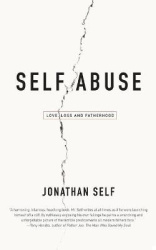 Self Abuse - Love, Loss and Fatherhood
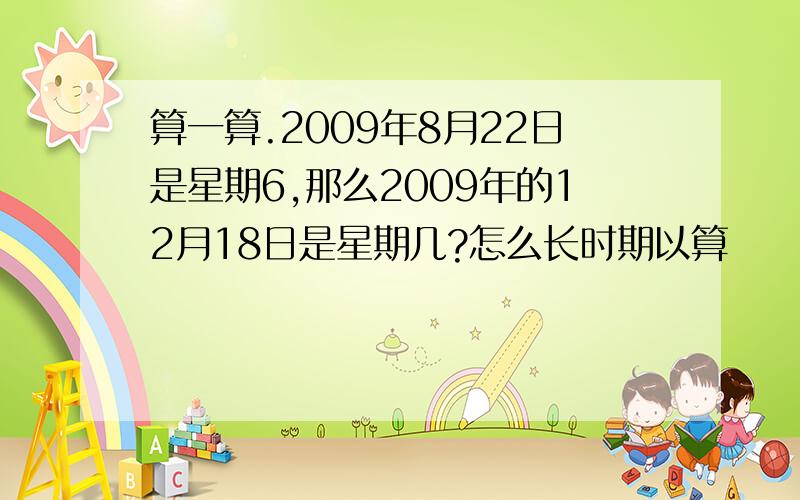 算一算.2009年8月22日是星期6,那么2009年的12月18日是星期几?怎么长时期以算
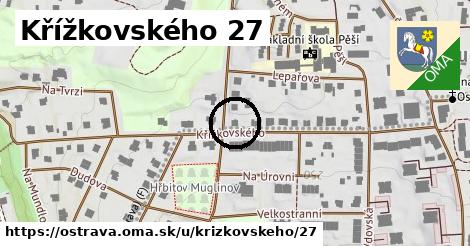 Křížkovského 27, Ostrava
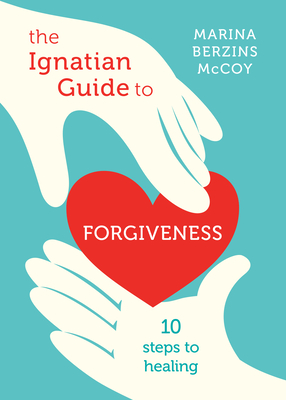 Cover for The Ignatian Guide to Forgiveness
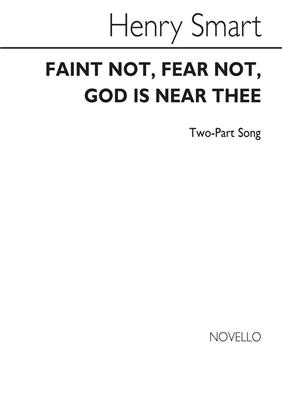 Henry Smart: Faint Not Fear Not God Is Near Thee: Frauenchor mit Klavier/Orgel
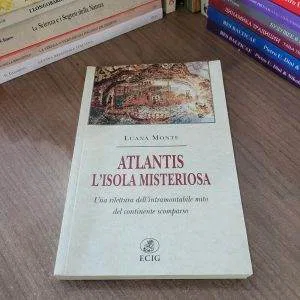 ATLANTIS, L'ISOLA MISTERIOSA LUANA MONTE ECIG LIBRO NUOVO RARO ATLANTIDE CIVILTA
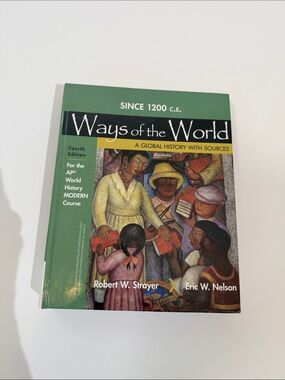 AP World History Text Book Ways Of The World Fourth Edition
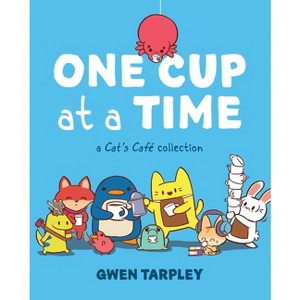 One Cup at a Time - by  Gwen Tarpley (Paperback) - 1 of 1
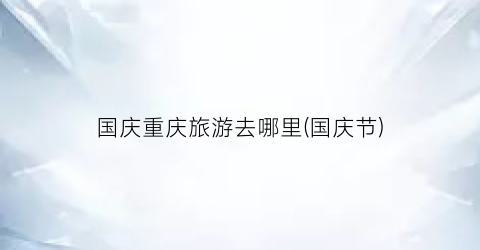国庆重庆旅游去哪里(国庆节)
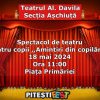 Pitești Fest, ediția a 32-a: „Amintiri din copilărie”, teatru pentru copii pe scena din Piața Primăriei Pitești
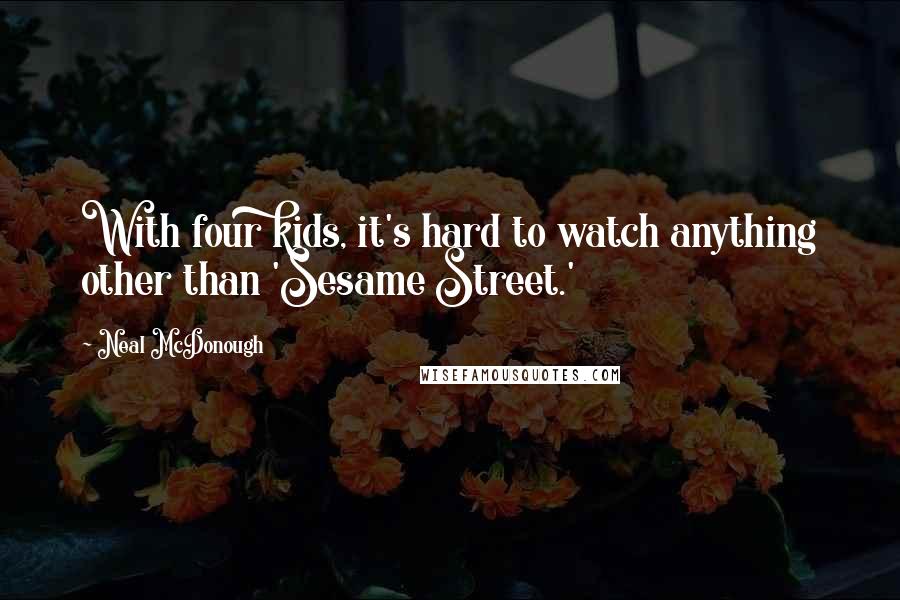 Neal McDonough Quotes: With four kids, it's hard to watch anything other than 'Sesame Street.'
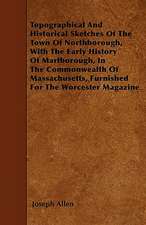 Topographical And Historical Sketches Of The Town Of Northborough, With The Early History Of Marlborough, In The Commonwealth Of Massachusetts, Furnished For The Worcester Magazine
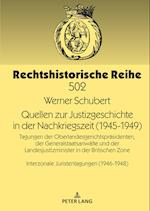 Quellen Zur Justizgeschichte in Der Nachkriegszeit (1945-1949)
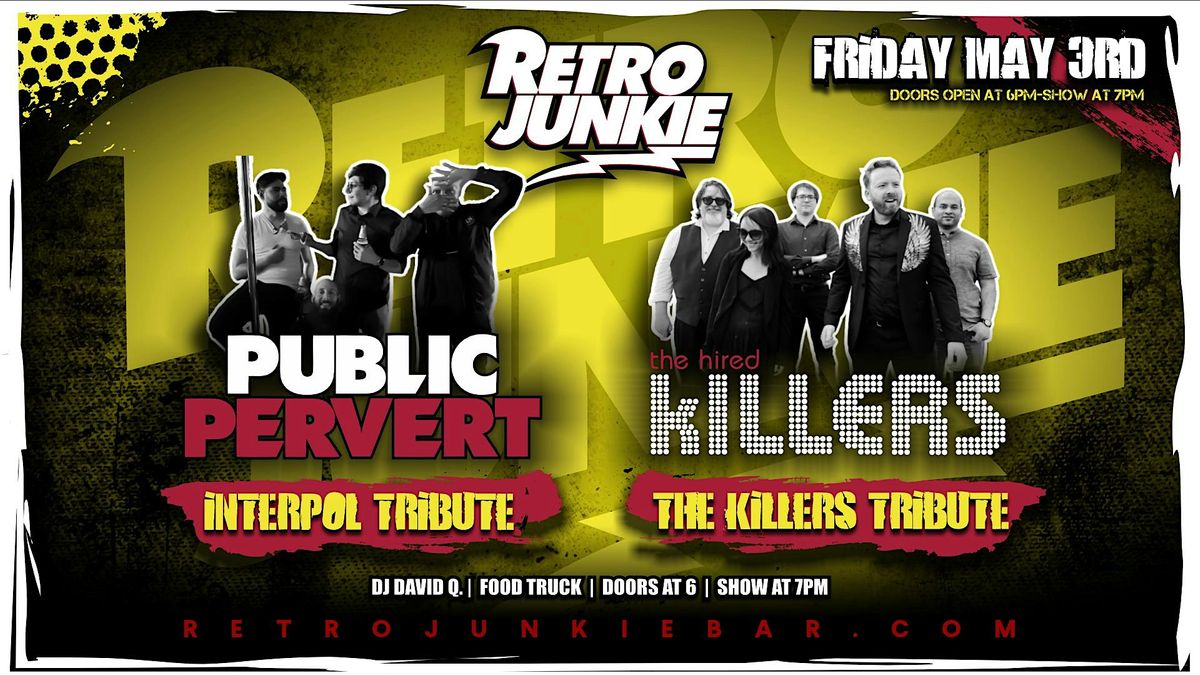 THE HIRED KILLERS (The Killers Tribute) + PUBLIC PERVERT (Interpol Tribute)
☆ ☆ ☆ ☆
- **Task to complete**
Reproduce the material word for word. Skip every picture it holds.

- **Output for this task**
 Self Abuse - Love, Loss and Fatherhood
 算一算.2009年8月22日是星期6,那么2009年的12月18日是星期几?怎么长时期以算
 Křížkovského 27, Ostrava
 Cover for The Ignatian Guide to Forgiveness
 Henry Smart: Faint Not Fear Not God Is Near Thee: Frauenchor mit Klavier/Orgel
 ATLANTIS, L'ISOLA MISTERIOSA LUANA MONTE ECIG LIBRO NUOVO RARO ATLANTIDE CIVILTA
 AP World History Text Book Ways Of The World Fourth Edition
 One Cup at a Time - by  Gwen Tarpley (Paperback) - 1 of 1
国庆重庆旅游去哪里(国庆节)
 Pitești Fest, ediția a 32-a: „Amintiri din copilărie”, teatru pentru copii pe scena din Piața Primăriei Pitești
 Neal McDonough Quotes: With four kids, it's hard to watch anything other than 'Sesame Street.'
 Topographical And Historical Sketches Of The Town Of Northborough, With The Early History Of Marlborough, In The Commonwealth Of Massachusetts, Furnished For The Worcester Magazine
 Quellen Zur Justizgeschichte in Der Nachkriegszeit (1945-1949)
 THE HIRED KILLERS (The Killers Tribute) + PUBLIC PERVERT (Interpol Tribute)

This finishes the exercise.